= Australia New Zealand Therapeutic Products Authority =

The Australia New Zealand Therapeutic Products Authority (ANZTPA) is a proposed authority which if adopted in both Australia and New Zealand will be the sole authority which regulates therapeutic goods in both countries. The authority will replace the Therapeutic Goods Administration in Australia and Medsafe in New Zealand.
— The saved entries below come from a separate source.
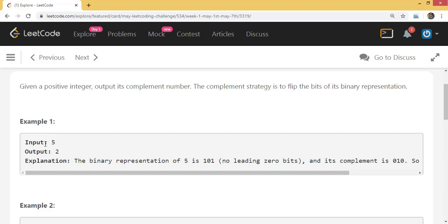So for input 5, the output is 2. How do you get it? 5 in binary is 101. If you flip the bits of its binary representation, 1 becomes 0, 0 becomes 1, and 1 becomes 0, giving you 010, which is 2.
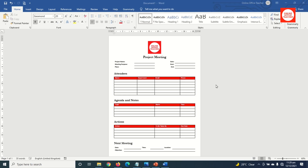In this video, I'm going to show you how to create a project meeting notes template in Word. By the end of this video, you'll be able to create this beautiful project meeting notes in Word.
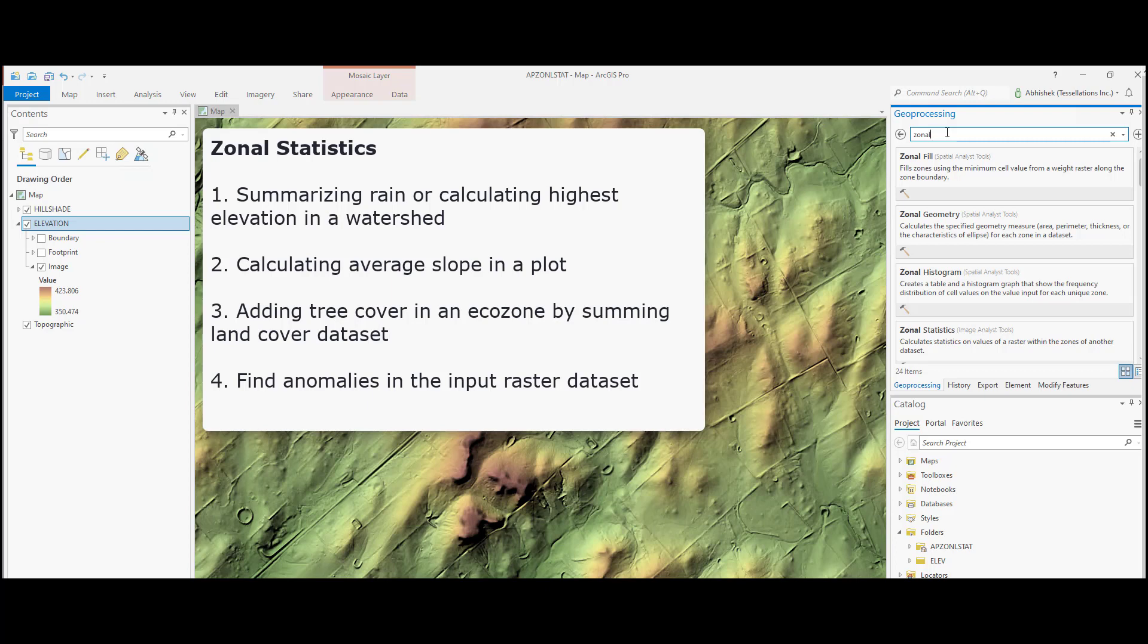Other use cases include adding tree cover in an ecozone by summing land cover dataset or even to find some anomalies in the input raster dataset.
It has been proposed that the ANZTPA regulate:

- Complementary medicines;
- Over-the-counter medicines;
- Prescription medicines;
- Medical devices;
- Blood & blood products;
- Tissues;
- Cellular therapies.

The establishment of the joint authority was postponed by the New Zealand government on 16 July 2007 until such time as there is agreement in the New Zealand parliament to resume the establishment process. The Australian government was informed and agreed to the postponement. But despite completing its first harmonization activity in 2014, Australian and New Zealand officials have now decided to end the ANZTPA effort, saying a "comprehensive review of progress and [an] assessment of the costs and benefits to each country" had concluded the effort was no longer worth pursuing.

"While work on ANZTPA will cease, our two countries will continue to co-operate on the regulation of therapeutic products where there are mutual benefits for consumers, businesses and regulators in each country," the two countries said in a joint statement.